Later, when she had cleaned her teeth and was comfortably settled in bed, Jessica came up to join her and nestled beside her on the pillow. Alison was sure this was inappropriate behaviour but, of course, she didn’t know what her normal routine was with Miss Blacker. If she usually slept with her mistress, it would be unkind to throw her out now. And anyway she felt a certain smugness that Jessica had chosen to sleep with her rather than her parents.
****
The next morning Alison found it quite a wrench to leave the little cat behind with her mother. God, it’s like falling in love, she thought. Who would have imagined she could form such an attachment so quickly? It was going to be so hard to give her up when Miss Blacker came back . . . if Miss Blacker came back.

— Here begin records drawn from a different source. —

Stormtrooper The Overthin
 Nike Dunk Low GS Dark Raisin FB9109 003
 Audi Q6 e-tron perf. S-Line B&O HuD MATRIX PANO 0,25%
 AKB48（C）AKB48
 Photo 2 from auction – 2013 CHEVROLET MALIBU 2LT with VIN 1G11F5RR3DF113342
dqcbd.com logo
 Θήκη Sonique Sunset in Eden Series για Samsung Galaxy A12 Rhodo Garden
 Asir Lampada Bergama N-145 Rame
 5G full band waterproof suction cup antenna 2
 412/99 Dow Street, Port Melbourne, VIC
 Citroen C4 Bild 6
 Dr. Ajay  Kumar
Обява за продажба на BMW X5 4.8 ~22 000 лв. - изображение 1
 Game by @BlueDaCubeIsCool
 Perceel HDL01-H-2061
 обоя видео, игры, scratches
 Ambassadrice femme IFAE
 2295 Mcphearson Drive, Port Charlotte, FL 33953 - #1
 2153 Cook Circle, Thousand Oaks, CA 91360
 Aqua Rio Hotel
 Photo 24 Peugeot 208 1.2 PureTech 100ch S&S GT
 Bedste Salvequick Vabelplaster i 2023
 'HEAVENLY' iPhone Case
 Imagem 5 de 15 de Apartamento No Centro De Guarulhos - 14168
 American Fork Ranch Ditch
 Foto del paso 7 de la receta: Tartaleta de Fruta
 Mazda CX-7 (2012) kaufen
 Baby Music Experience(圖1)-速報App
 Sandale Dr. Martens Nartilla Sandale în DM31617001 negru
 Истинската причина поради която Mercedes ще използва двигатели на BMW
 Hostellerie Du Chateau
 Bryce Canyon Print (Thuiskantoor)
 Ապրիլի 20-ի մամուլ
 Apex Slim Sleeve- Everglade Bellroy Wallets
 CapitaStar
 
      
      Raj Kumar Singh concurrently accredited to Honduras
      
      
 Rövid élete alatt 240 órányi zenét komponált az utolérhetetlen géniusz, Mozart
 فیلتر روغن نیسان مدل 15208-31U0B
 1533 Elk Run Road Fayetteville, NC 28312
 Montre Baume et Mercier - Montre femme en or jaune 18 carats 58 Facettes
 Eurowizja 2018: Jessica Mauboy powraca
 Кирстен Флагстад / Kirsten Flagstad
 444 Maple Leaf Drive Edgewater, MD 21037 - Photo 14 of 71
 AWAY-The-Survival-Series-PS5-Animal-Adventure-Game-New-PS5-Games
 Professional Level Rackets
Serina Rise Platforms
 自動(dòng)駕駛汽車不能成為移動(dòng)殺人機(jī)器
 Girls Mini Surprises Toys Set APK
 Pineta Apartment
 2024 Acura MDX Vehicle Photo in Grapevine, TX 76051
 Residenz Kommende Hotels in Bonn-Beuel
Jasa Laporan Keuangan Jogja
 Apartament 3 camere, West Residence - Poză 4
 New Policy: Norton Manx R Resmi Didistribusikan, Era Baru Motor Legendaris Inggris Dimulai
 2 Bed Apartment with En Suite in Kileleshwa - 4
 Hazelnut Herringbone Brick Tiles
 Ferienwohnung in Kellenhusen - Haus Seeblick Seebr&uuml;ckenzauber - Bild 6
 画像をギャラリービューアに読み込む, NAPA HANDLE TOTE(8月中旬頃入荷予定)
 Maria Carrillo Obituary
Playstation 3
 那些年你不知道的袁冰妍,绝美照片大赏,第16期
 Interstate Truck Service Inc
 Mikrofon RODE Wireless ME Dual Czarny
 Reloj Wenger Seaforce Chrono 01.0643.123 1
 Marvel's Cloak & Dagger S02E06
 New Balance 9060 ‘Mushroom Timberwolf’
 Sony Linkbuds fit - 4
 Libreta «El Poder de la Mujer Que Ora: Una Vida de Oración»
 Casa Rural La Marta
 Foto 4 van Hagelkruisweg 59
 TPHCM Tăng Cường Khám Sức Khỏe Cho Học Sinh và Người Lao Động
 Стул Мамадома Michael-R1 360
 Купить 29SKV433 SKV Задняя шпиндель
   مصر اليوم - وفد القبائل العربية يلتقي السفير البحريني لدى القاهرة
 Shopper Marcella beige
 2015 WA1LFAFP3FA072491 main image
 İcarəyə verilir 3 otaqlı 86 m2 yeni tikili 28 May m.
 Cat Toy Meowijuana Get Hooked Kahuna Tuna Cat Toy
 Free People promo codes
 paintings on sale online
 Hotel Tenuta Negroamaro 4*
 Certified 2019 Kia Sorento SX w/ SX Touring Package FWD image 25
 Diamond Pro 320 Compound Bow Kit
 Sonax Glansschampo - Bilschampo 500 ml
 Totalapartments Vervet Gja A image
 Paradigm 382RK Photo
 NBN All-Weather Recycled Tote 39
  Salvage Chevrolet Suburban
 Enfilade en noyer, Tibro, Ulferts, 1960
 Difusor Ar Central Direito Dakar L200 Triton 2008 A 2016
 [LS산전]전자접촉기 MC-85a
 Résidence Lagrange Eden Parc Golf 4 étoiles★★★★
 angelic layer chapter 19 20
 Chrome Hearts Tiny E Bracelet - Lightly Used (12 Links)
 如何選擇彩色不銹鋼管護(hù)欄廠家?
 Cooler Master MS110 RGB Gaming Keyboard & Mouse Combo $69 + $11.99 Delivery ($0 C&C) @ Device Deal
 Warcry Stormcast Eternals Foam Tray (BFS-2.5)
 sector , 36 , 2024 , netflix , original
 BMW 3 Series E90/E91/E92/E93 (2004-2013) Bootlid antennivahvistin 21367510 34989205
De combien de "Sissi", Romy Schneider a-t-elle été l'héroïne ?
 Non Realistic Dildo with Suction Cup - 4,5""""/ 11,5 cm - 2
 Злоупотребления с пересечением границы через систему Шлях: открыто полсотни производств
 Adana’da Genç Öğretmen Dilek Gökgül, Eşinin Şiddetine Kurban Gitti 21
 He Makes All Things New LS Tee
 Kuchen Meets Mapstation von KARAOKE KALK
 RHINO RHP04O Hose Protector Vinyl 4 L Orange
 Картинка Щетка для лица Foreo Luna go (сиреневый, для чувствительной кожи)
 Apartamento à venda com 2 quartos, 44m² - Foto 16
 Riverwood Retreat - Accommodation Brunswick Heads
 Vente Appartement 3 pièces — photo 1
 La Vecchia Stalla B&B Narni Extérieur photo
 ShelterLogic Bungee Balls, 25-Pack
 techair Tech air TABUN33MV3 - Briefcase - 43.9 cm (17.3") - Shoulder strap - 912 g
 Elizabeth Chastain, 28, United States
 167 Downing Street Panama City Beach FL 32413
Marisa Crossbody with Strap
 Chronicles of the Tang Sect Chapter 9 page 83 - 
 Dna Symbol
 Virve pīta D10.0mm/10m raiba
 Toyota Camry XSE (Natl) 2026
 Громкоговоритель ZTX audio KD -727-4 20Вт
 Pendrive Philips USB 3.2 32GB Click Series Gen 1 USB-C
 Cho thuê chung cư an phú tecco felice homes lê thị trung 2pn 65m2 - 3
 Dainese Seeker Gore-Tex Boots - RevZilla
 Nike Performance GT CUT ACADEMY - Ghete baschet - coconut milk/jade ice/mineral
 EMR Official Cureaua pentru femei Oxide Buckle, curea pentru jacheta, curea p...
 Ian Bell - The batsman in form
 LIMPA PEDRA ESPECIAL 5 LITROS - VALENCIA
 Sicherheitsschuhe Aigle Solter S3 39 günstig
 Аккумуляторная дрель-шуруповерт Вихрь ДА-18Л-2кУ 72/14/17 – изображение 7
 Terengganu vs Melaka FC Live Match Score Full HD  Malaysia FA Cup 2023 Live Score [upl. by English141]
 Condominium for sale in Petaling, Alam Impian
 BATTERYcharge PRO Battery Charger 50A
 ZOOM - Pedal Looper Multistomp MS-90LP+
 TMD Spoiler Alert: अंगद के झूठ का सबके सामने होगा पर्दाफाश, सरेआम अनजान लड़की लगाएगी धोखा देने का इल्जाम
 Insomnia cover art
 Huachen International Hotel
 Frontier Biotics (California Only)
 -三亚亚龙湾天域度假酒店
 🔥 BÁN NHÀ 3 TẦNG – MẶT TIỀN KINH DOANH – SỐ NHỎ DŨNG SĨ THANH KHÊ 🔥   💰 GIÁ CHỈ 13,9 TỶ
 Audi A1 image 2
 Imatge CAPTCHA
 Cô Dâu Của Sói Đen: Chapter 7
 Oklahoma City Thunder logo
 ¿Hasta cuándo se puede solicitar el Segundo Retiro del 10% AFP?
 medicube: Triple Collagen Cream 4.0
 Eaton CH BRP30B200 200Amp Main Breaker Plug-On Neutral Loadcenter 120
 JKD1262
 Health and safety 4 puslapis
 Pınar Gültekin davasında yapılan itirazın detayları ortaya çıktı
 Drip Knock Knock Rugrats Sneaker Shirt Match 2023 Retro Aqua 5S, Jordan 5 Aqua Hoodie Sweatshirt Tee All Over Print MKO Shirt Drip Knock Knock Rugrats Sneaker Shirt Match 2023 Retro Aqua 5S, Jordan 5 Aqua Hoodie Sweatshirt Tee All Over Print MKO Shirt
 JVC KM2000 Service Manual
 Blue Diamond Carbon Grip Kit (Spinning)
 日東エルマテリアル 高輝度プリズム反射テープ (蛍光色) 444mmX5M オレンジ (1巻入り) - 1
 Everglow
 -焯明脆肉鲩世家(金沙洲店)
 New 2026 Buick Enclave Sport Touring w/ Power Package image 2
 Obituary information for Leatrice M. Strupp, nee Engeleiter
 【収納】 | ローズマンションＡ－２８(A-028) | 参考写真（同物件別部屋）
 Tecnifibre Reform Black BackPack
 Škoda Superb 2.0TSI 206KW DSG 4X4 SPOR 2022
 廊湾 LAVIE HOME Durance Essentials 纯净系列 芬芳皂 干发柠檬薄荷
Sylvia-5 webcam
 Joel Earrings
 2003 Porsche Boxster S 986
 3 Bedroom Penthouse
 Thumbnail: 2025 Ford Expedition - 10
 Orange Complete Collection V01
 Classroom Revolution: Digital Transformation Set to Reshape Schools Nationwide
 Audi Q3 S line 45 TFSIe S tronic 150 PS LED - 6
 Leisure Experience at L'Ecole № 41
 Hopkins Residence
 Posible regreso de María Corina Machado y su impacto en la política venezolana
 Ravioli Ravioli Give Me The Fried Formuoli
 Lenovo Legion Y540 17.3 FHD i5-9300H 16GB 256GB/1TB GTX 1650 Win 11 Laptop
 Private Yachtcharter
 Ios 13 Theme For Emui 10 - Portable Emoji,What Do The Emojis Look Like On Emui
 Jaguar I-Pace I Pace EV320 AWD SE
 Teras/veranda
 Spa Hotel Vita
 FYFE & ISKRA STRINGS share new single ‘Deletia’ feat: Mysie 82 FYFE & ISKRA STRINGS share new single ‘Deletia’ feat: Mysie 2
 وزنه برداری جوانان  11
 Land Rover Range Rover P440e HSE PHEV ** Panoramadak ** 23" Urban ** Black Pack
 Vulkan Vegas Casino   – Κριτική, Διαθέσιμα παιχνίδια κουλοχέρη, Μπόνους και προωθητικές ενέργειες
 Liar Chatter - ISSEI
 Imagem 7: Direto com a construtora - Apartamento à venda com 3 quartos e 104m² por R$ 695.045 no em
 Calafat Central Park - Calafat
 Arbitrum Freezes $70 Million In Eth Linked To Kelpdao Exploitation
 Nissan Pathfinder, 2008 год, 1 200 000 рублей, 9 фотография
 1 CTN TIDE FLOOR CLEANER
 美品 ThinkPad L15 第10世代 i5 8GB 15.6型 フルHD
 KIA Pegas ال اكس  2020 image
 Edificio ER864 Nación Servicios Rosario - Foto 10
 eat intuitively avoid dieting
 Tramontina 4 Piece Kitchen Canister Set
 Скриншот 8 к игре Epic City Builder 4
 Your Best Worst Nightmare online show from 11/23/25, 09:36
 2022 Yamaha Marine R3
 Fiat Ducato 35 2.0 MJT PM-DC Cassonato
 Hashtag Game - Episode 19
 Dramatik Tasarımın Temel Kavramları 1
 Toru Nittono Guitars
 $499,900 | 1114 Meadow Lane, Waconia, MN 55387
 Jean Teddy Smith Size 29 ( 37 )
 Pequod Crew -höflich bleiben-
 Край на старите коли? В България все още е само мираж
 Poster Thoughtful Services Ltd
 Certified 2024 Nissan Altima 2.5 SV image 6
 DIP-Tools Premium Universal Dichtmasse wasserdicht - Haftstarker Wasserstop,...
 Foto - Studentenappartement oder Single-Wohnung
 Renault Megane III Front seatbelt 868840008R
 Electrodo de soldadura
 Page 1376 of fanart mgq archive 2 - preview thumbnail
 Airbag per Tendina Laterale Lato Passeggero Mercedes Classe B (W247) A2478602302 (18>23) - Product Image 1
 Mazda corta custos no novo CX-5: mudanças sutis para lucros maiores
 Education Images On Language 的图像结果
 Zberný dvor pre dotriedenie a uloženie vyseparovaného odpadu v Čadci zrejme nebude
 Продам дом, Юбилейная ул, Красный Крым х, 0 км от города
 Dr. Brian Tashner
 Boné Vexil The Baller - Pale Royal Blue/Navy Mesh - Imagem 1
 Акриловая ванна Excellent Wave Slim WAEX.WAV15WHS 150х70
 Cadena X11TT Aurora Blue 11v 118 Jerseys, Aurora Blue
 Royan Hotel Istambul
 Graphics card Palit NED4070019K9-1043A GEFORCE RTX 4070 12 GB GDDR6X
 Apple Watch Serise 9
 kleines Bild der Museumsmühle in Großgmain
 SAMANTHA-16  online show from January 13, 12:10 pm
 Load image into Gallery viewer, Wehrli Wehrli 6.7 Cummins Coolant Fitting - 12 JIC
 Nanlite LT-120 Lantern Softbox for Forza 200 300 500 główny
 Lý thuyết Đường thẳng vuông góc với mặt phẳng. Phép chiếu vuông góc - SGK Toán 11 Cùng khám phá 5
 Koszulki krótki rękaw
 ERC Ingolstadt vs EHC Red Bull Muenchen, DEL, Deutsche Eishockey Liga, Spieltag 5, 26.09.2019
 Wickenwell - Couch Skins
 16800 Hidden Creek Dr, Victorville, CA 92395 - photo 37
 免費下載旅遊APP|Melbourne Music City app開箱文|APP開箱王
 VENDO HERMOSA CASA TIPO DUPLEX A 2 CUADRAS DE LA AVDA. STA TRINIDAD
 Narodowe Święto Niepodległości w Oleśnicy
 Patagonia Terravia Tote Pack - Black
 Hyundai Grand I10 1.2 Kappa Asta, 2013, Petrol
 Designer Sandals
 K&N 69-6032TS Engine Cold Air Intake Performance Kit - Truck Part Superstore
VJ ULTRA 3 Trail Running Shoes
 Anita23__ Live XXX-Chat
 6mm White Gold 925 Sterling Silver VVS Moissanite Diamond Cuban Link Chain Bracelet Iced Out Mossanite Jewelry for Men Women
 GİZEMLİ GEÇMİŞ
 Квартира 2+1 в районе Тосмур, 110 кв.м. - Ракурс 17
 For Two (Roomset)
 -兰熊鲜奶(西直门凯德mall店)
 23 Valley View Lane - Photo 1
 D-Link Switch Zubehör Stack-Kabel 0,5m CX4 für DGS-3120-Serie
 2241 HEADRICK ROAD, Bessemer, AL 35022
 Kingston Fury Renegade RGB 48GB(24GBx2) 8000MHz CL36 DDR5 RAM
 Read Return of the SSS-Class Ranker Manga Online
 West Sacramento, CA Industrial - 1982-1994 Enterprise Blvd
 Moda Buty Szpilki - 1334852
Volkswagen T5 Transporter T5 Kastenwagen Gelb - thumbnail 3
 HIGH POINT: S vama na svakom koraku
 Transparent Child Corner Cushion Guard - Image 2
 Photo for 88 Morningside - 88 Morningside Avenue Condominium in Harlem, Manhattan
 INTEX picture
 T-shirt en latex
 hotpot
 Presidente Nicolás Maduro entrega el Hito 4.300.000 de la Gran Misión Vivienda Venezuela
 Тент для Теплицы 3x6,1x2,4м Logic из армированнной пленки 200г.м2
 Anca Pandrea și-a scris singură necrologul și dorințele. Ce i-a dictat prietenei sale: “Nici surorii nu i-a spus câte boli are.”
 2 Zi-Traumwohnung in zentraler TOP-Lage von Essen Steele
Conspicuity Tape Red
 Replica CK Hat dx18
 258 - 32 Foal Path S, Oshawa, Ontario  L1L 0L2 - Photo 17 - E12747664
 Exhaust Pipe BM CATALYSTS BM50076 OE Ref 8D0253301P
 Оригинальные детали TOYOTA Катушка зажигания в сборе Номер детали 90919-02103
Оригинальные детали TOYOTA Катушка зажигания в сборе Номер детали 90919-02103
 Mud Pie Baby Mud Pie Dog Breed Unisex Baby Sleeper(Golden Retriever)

That lunchtime she went on the hunt for Miss Blacker’s favourite niece, the child prodigy, Patsy Owen. The teacher on duty in the juniors’ yard was Jean Harris, the same one Miss Wetherspoon had contacted the day before.
“Oh, hello,” she said, smiling. “Mavis rang me and told me you would be round today looking for Patsy.” She waved to a small, rather podgy child sitting on the wall by herself. “There she is.” Then, raising her voice, “Patsy, I’ve got Miss Metcalfe here to see you.”
The child looked up and gave a huge grin, which suddenly transformed her from a rather ordinary plump little girl into something approaching a beauty, then got up and trotted towards them.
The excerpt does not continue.